Sunday, March 03, 2013

Luftpanzer!

I've been reading volume two, The Day of Battle, of Rick Atkinson's "Liberation Trilogy".

Atkinson writes well and has done his research; his Army at Dawn was a good summary of the U.S. North Africa campaign. The second volume is equally comprehensive on the campaigns for Sicily and Italy. Makes for a terrible story; you have to wonder what the hell the Allied leaders were thinking ("soft underbelly"? My ass). It's popular history, yes, but well-drawn and (so far as I can tell) sound on the major events and controversies of the place and time.

But that's not really what I wanted to talk about. It's these guys:

You can't make your way around North Africa, Sicily, and Italy between 1942 and 1944 without stumbling over this outfit, perhaps one of the oddest in military history; an entire armored division owned by an air force.

The Hermann Göring armored division was probably the strangest end-member of the Nazi penchant for empire-building, internal as well as external. The capability of the German ground forces in WW2 - and even the most Allied-biased have to admit that on the tactical level the German armed forces were largely better at their work than pretty much any of their enemies - is fairly remarkable given the almost-Byzantine-level of complexity of the Wehrmacht. Alongside the Heer, the regular Army, you had a completely parallel Nazi Party army in the "armed" or Waffen SS.

And beside them, you had damn near an entire freaking air force army.

You could say that the German military of the Forties did it exactly backwards from the way the U.S. did it; in the U.S. of 1943 the air force belonged to the army. In Germany, the air force HAD an army; 22 Luftwaffe feldivisionen, or "Air Force Field Divisions" That's not even counting the fallschirmjäger; the eleven divisions of German paratroops came under Air Force command (as did everything else that flew than that the Reichsmarschall could get his pudgy fingers on).

But you can make kind of a case for the paratroops (the Soviet paras were part of their air force, and even the early U.S. Army experiments with airborne troops flirted with the notion of slotting them into the USAAF), and the feldivisionen were flat-out a mid-war expedient forced on the Wehrmacht by Der Dicke's political pull and greed for power.

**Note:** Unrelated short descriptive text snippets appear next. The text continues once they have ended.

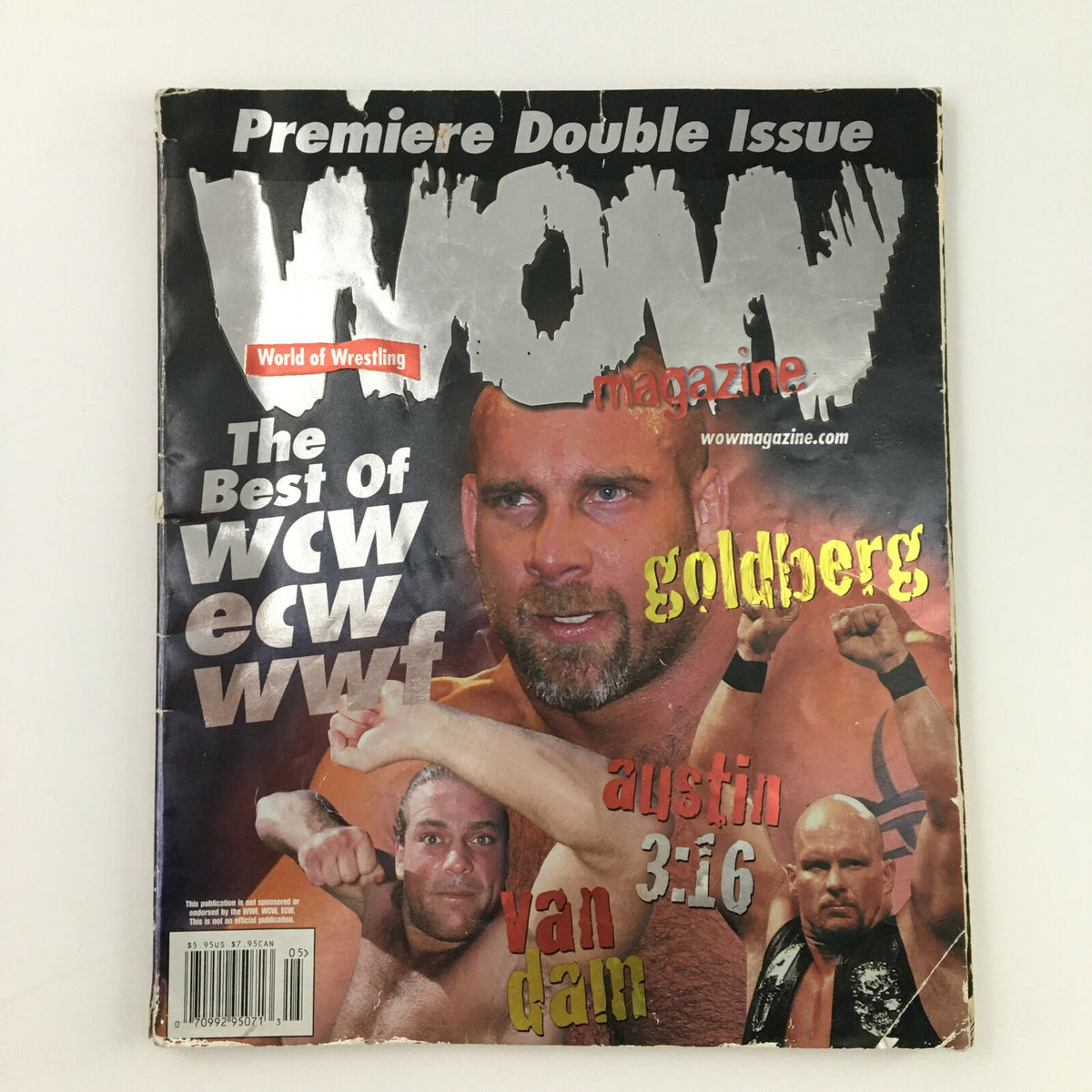 WWF World of Wrestling Magazine May 1999 featuring Bill Goldberg on the cover, showcasing a bold title and images of other wrestling stars.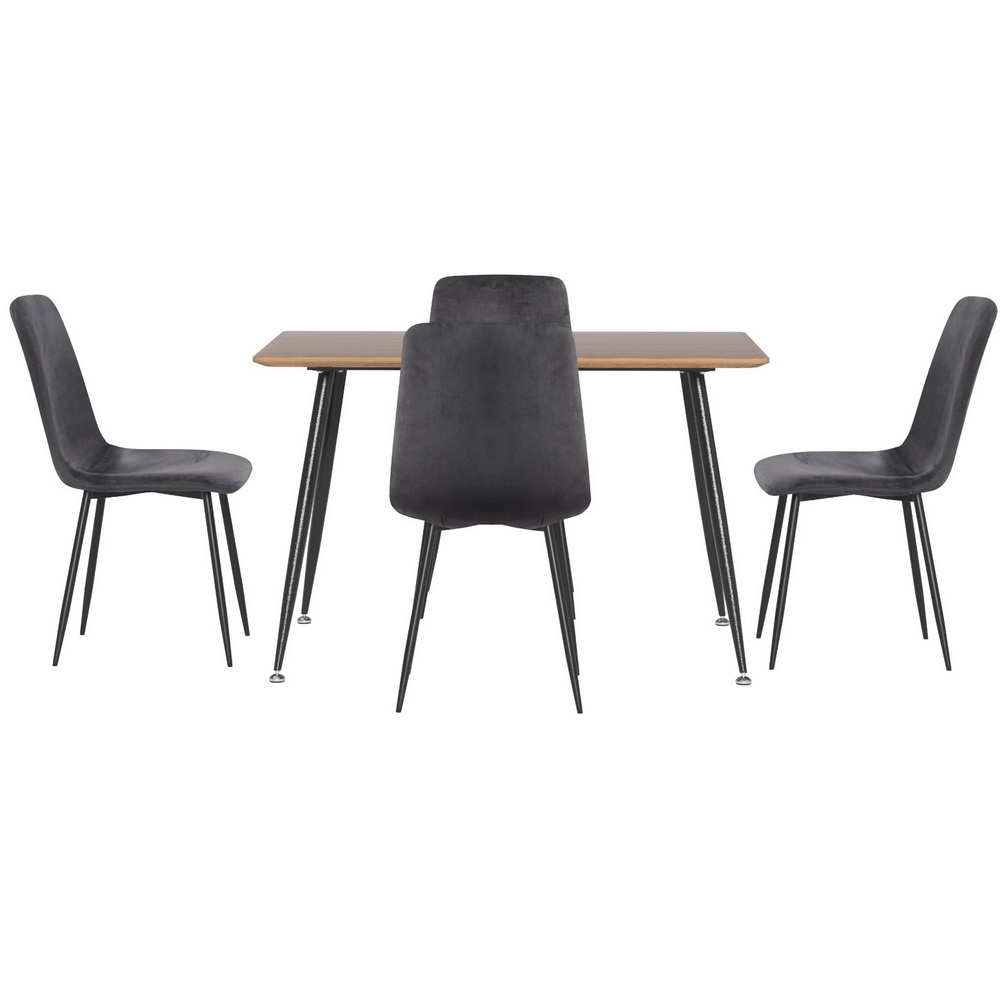 1 Artiss Dining Table and 4 Chairs Set Grey Velvet β image 3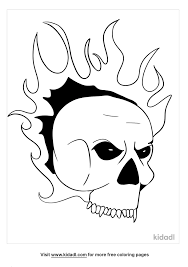 Find this pin and more on flame tattoo design coloring pages by tattoomaze. Flaming Skull Coloring Pages Free Halloween Coloring Pages Kidadl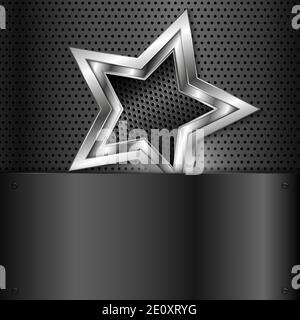 Shiny star metal background with screws on perforated texture.Vector illustration.Eps10 Stock Vector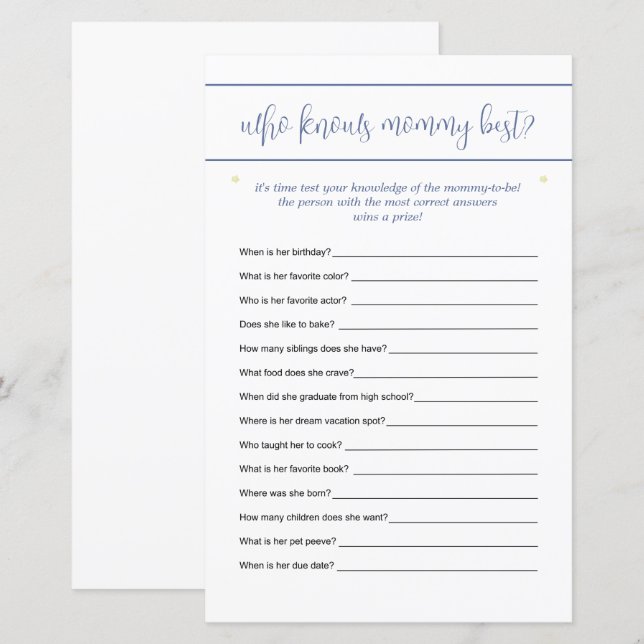 Wer weiß, Mommy Beste Ratgeber Game Stars Blue (Vorne/Hinten)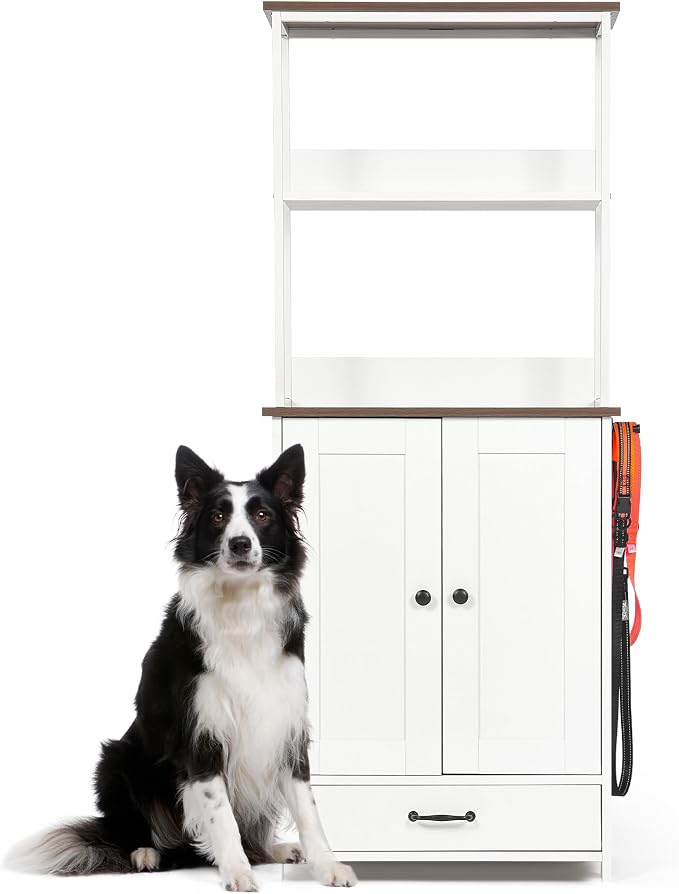 Pet Feeding Station Storage Cabinet with Bowls and Rack, Adjustable Panel,Pet Feeder Station for Dogs Cats for Feeding & Watering Supplies with 2-Level Shelving - Image 9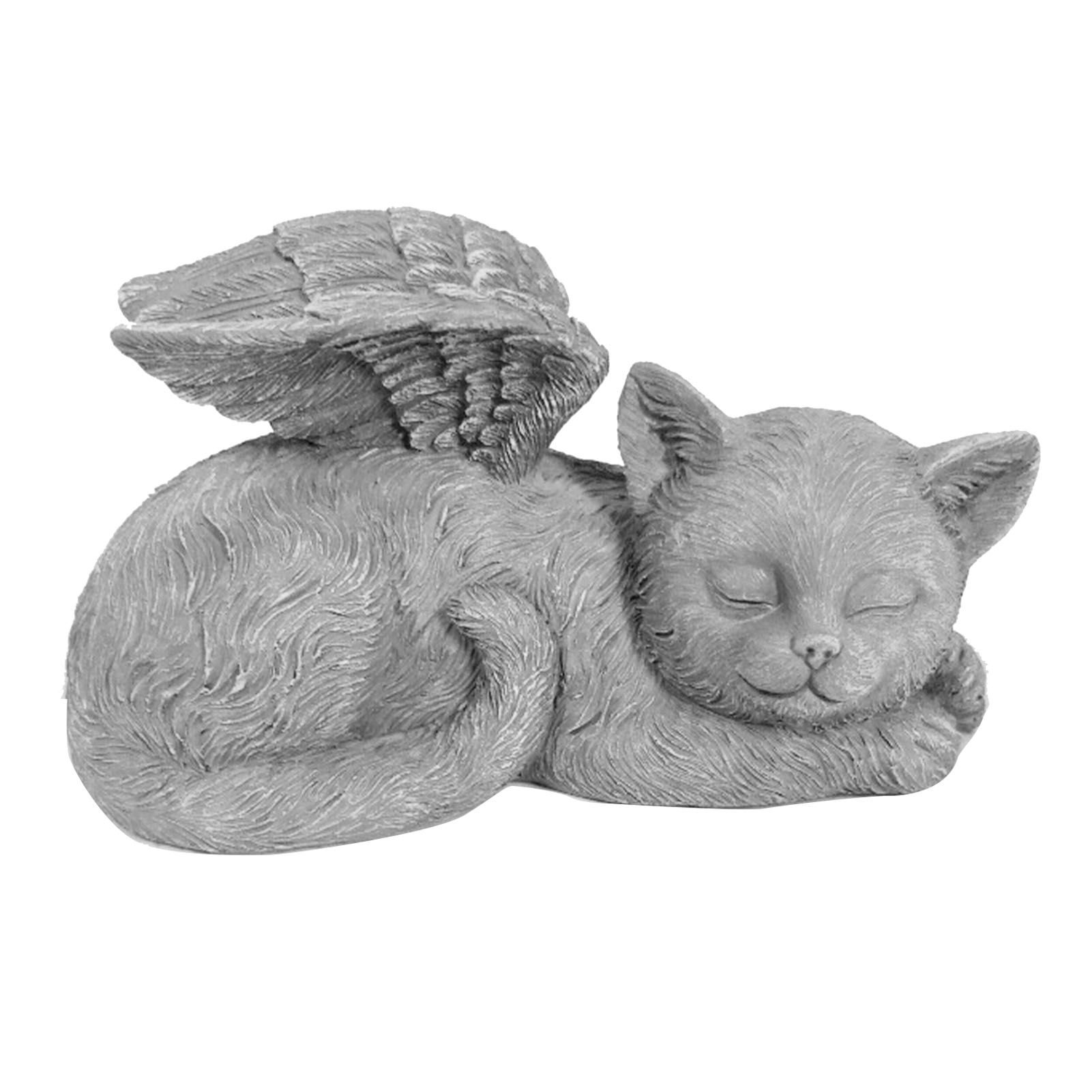 Pet Memorial Statue Resin Sleeping Pet Angel Garden Sculpture for Pet Memorial Gravestone Ornament Angel Cat - Image 1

But the Hermann Göring was a whole different critter; a created-from-the-treads-up armored division for the German air force.

And the other odd thing is that, like the paratroopers and very unlike the felddivisionen (which were disasters and probably killed more Germans that their enemies...) the HG turned out to be an excellent combat outfit. Several commentators such as Martin Blumenson have rated it among the best of the German WW2 armored formations. That's pretty high praise, given the competition.

But...I'm sorry; the whole idea is just fucking weird.

There are lots of things about the Nazi period in Germany that are fascinating in a horrible way. But there are some things about that period that are fascinating just because they're...odd. And the notion of an air force wanting their own tank division?

To me, that's just odd. I get it, I understand WHY Fatso wanted one - hard to be a soldier without understanding power bases and military empire-building - but letting him have one?

Odd.

But perhaps I should be careful about name-calling other militaries; at least the Kriegsmarine resisted the impulse to voluntarily form it's own infantry brigade.

Go figure.

4 comments:

Swanditch said...

For a moment I thought you were an Ogre player:

http://www.sjgames.com/miniatures/ogre/paneuropeanset4/

FDChief said...

Ogre! God, I DID play that back in the day! I had the rulebook back in the Seventies; never got past that, though SJG was bringing out the miniatures at the same time...

Damn; haven't thought of that for donkey's years...what a fun, goofy wargame.

Not as goofy as an air force armored division, but, still...

Leon said...

I'm surprised by the restraint shown by the Nazi party. I mean shouldn't the German Red Cross have their own panzergrenadier division? The Nationalist Socialist Teachers League their own Panzer Lehr division? Wait, maybe they did...
http://en.wikipedia.org/wiki/Panzer_Lehr

FDChief said...

I'm always kind of amazed that the Nazis did as well as they did. Their opponents must have been fucked up like a football bat; come to think of it, until about 1943 most of them were.

But the bottom line seems to be that in their military organization, as in their military strategy they seem to have been...well, good tacticians. Great at winning fights, wars? Not so much.